• **PROBLEM TO SOLVE**: Word for word, copy out the data below, omitting pictures.

• **EXERCISE DATA**:
-- Opening Marker --
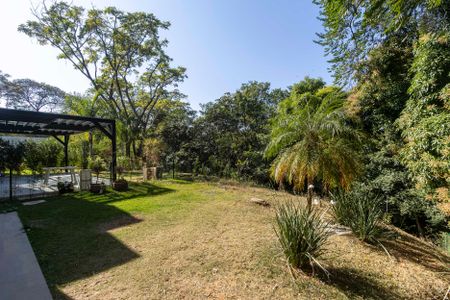 Casa à venda com 208m², 5 quartos e 2 vagasÁrea externa fundos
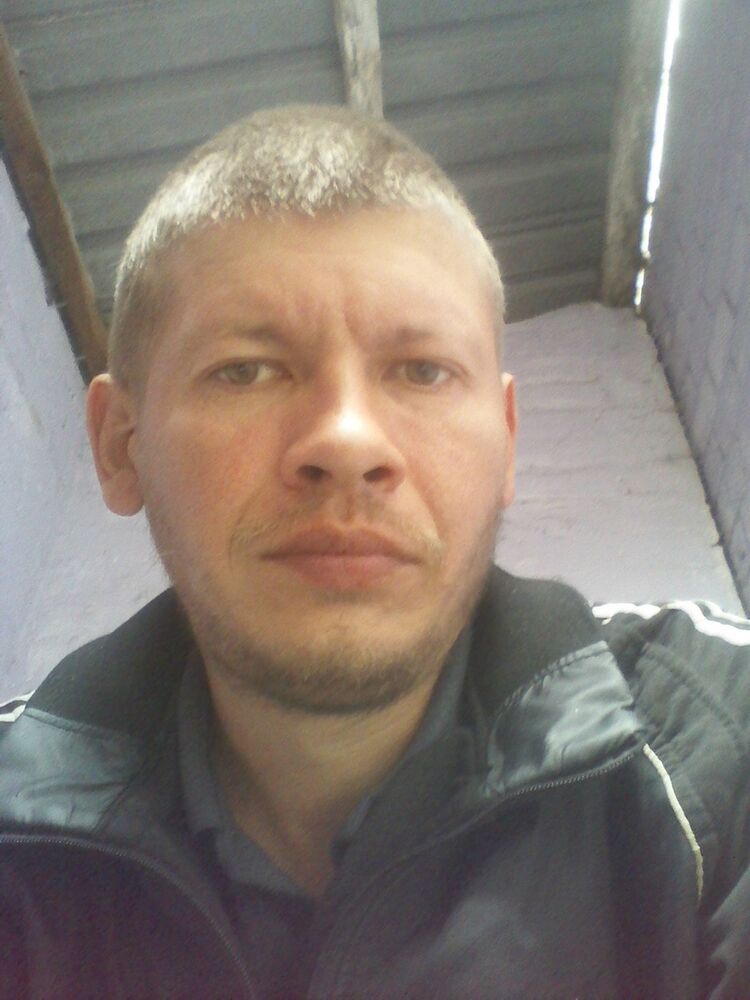  ,   Ruslan, 37 ,   ,   , c 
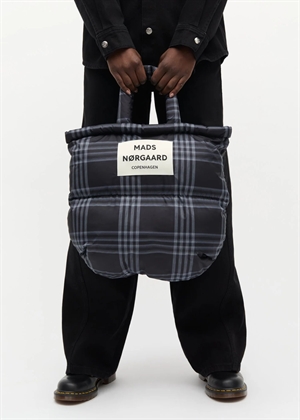 Light ripstop Aop pillow bag Black/Vanilla Ice Mads Nørgaard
-- Closing Marker --
• **EXERCISE OUTPUT**:
 Casa à venda com 208m², 5 quartos e 2 vagasÁrea externa fundos
  ,   Ruslan, 37 ,   ,   , c 
 Light ripstop Aop pillow bag Black/Vanilla Ice Mads Nørgaard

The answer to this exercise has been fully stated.